Identity
$$(p+q+r)^2=p^2+q^2+r^2+2qr+2pr+2pq\tag{1}$$
has a classical visual representation (Fig. 1) which constitutes a "graphical proof" for positive $p,q,r$ :
$\textit{Fig. 1 : Classical visualization of identity (1)}.$
I have found a different graphical representation of (1) using barycentric coordinates as given on Fig. 2 :
$$\textit{Fig. 2 : Another visualization of identity (1) in terms of barycentric coordinates.}$$
where $(p,q,r)$ (normalized with $p+q+r=1$) are the barycentric coordinates wrt "base triangle" $ABC$ of the common point to all triangles and parallelograms.
Indeed, the different terms of the RHS of (1) are interpretable as relative areas of triangles or parallelograms ("relative" meaning in this context "divided by the area of triangle $ABC$").
The proofs are straightforward : for example, the relative area of the small triangle on the left, (with one of its sides on $AB$), is equal to the determinant :
$$\left|\matrix{(1-q)&p&p\\q&(1-p)&q\\0&0&r}\right|=r((1-p)(1-q)-pq)=r(1-p-q)=r^2$$
where the barycentric coordinates of the vertices are placed in columns.
Same type of computations for the other areas.
My question is :
I would like to present this nice elementary result to a certain audience. I am 100% sure that this result has already been found (and maybe applied to interesting problems), but haven't been able to find any anterior reference.

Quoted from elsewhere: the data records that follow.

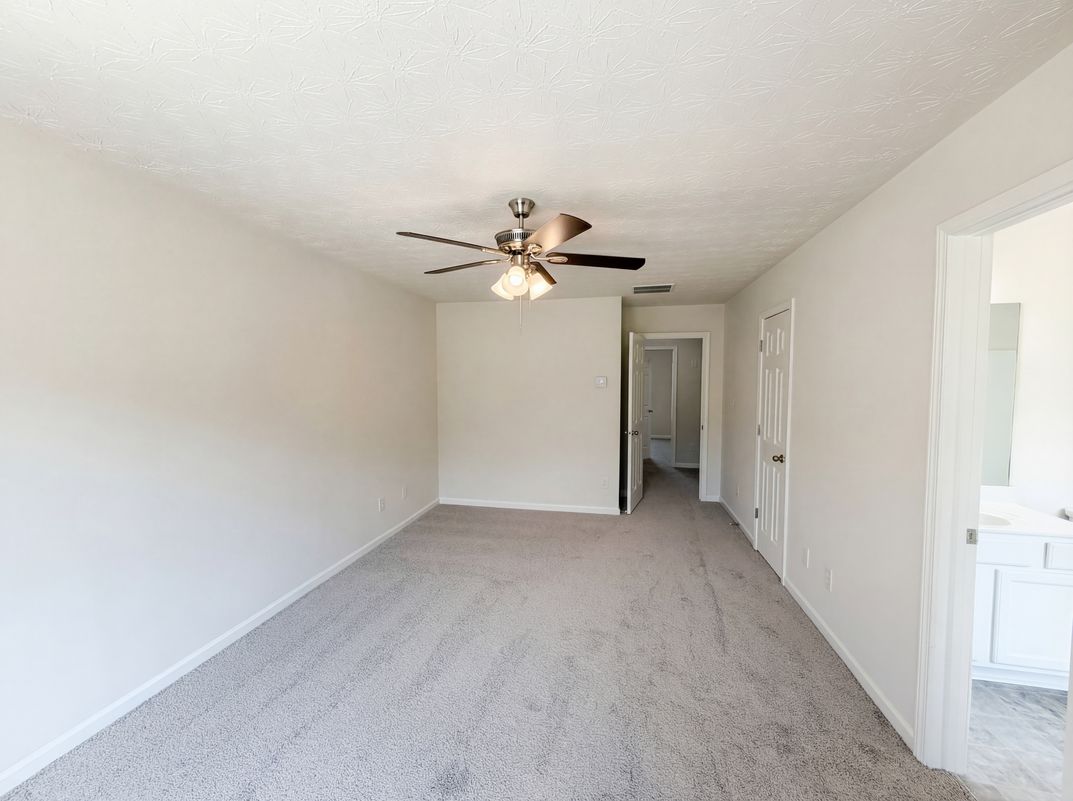 Photo 15 of 23 of 258 Alcovy Walk Dr, Lawrenceville, GA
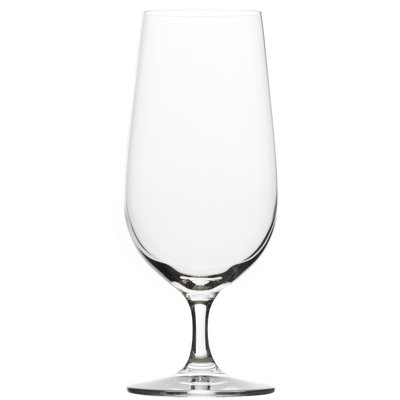 400 ml Biergläser-Set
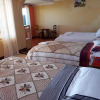 Отель Hostal Tawri, фото 12
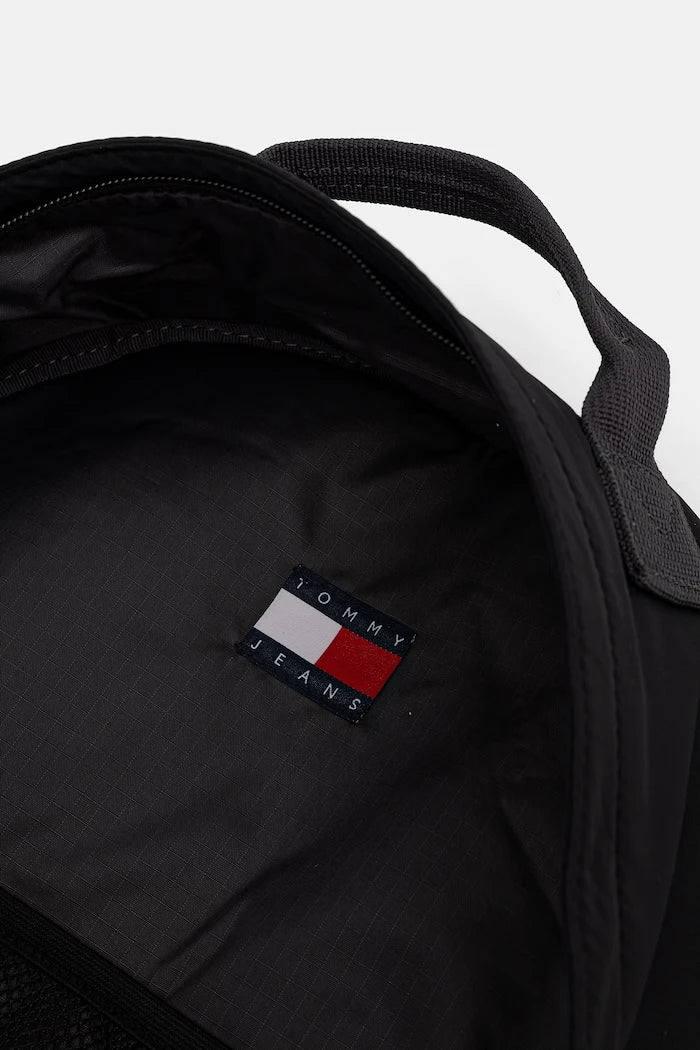 Tommy Jeans раница мъжка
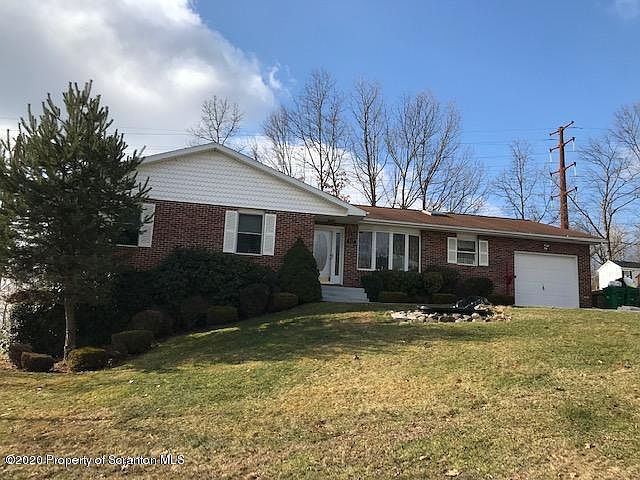 1st image of 317 White Birch Dr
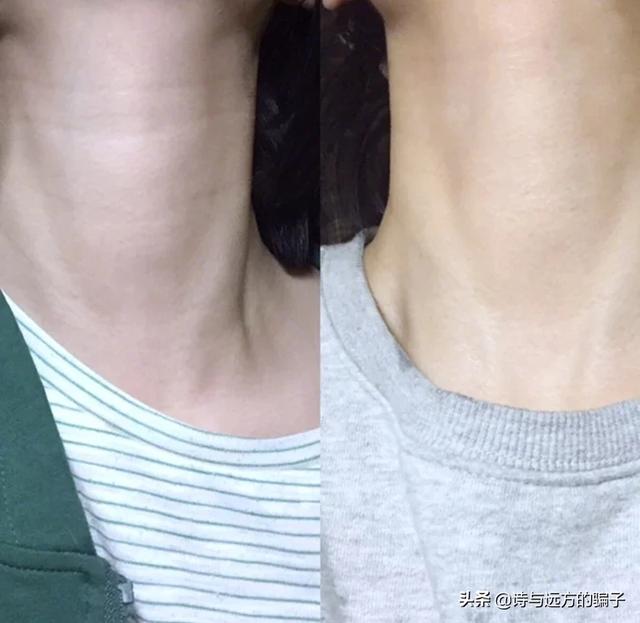 好用又实惠的化妆品有哪些？插图36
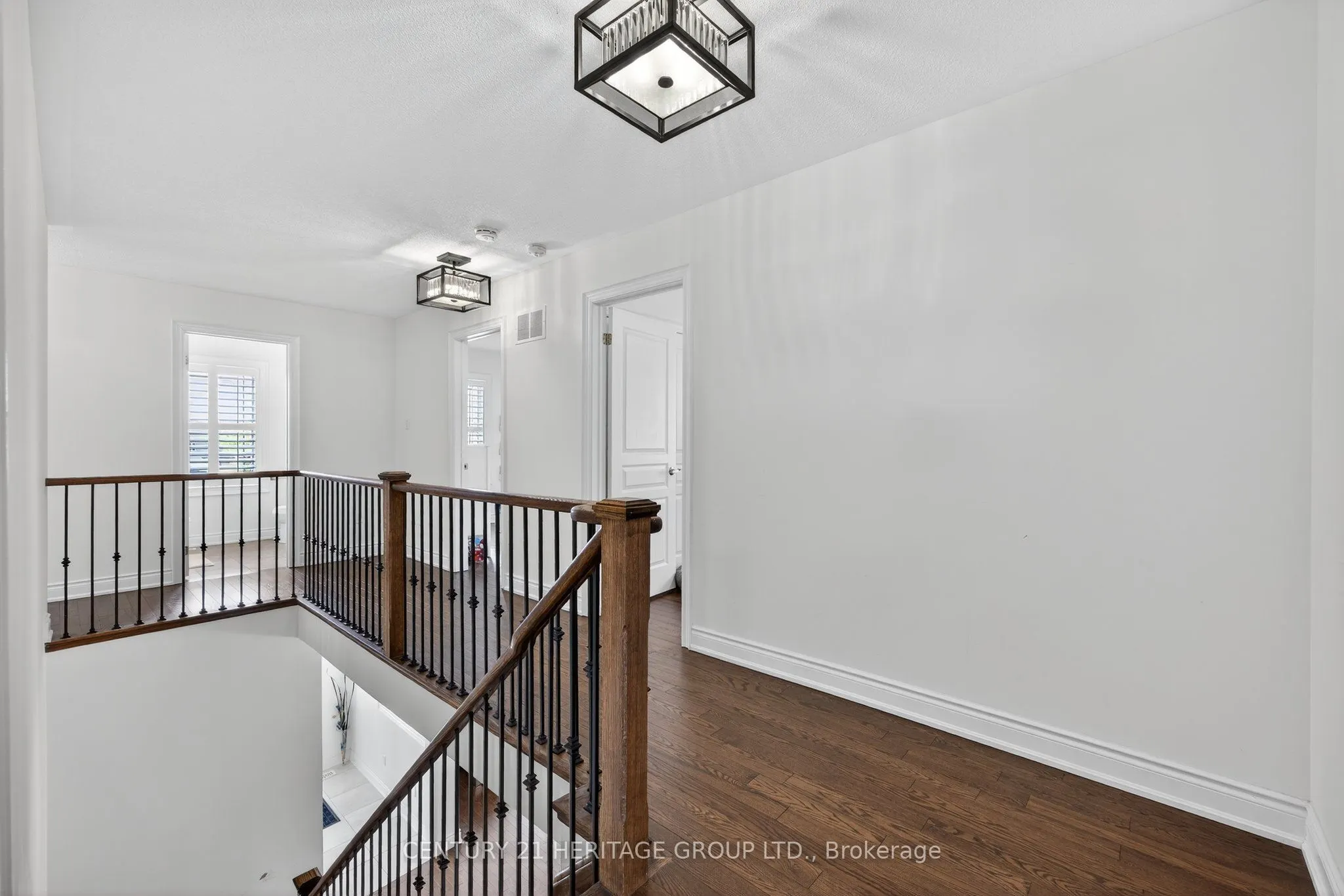 9 Webb Trail
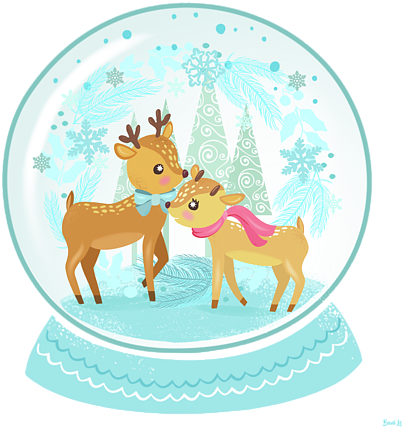 Click And Drag To Re-position The Image, If Desired - Car (452x700), Png Download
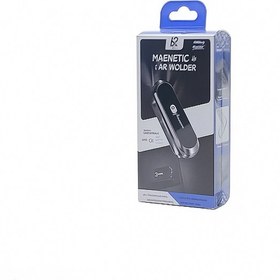 تصویر هولدر مازارس H-81 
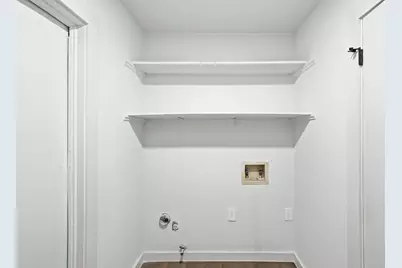 9801 Oak Hollow Drive, Austin, TX 78758 - Photo 27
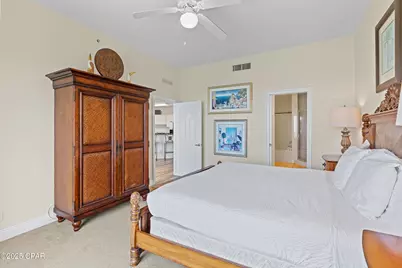 15817 Front Beach Road #I-2309, Panama City Beach, FL 32413 - Photo 37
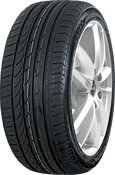 Radar Dimax R8 215/45 R17 91 Y XL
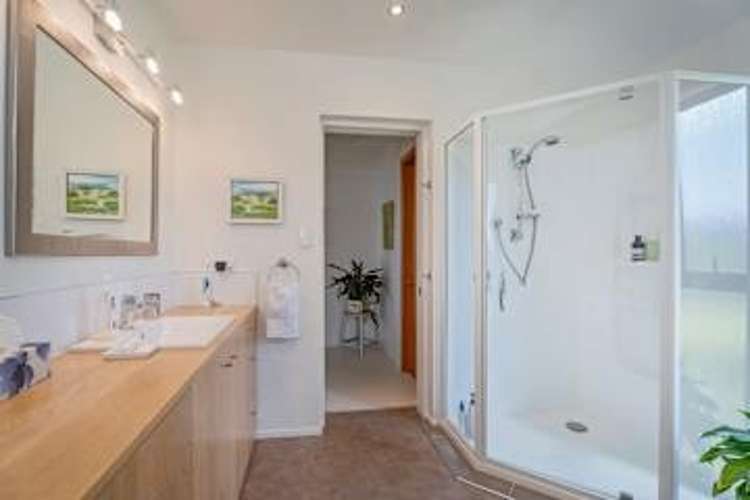  981 Purangi Road Whitianga_8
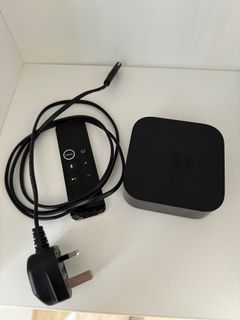 （分類：）位於 。 由 fuzzyjangirl1 提交（商品編號 1293415669，圖片 1）。簡介： 。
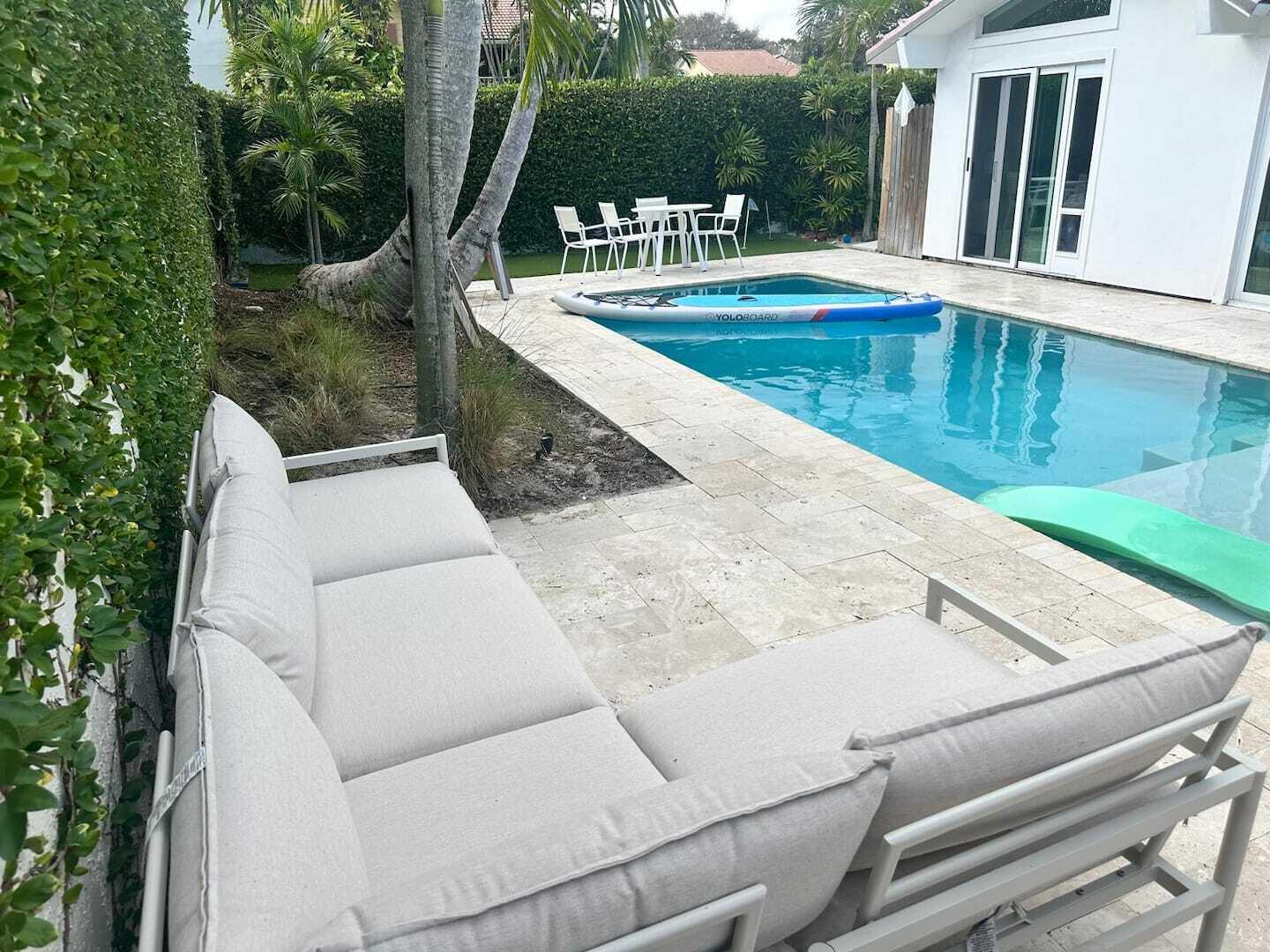 103 W Sandpiper, Jupiter FL 33477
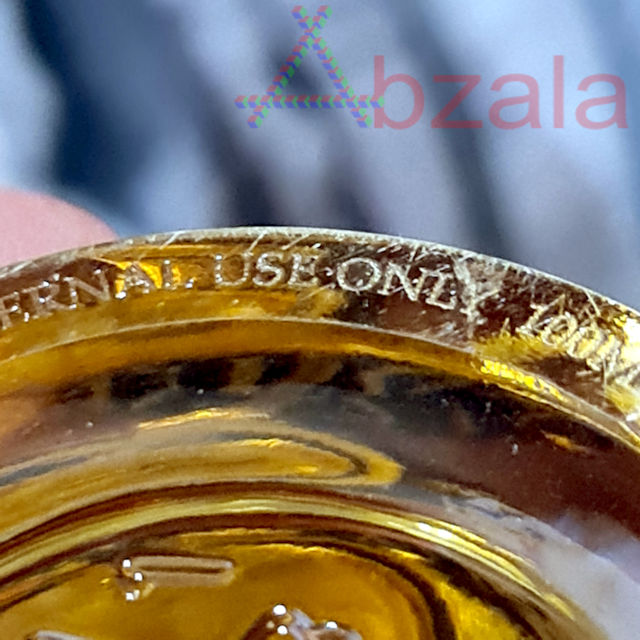 gerini heavenly wood 014 thumbs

Could somebody find one ?
Remarks :
- There is more to say about Fig. 2 : it provides a visualization of the barycentric coordinates of $M$ as the following ratios of lengths :
$$p=\frac{A_1A_2}{BC},\ \ q=\frac{B_1B_2}{AC},\ \ r=\frac{C_1C_2}{AB}$$
(easy proof).
- A same type of result exists with 3D barycentric coordinates (sometimes called tetraedric coordinates) $(p,q,r,s)$ with respect to a tetrahedron $ABCD$, this time with relative volumes in correspondence with identity :
$$(p+q+r+s)^3=p^3+q^3+...+3q^2r+3q^2s+...$$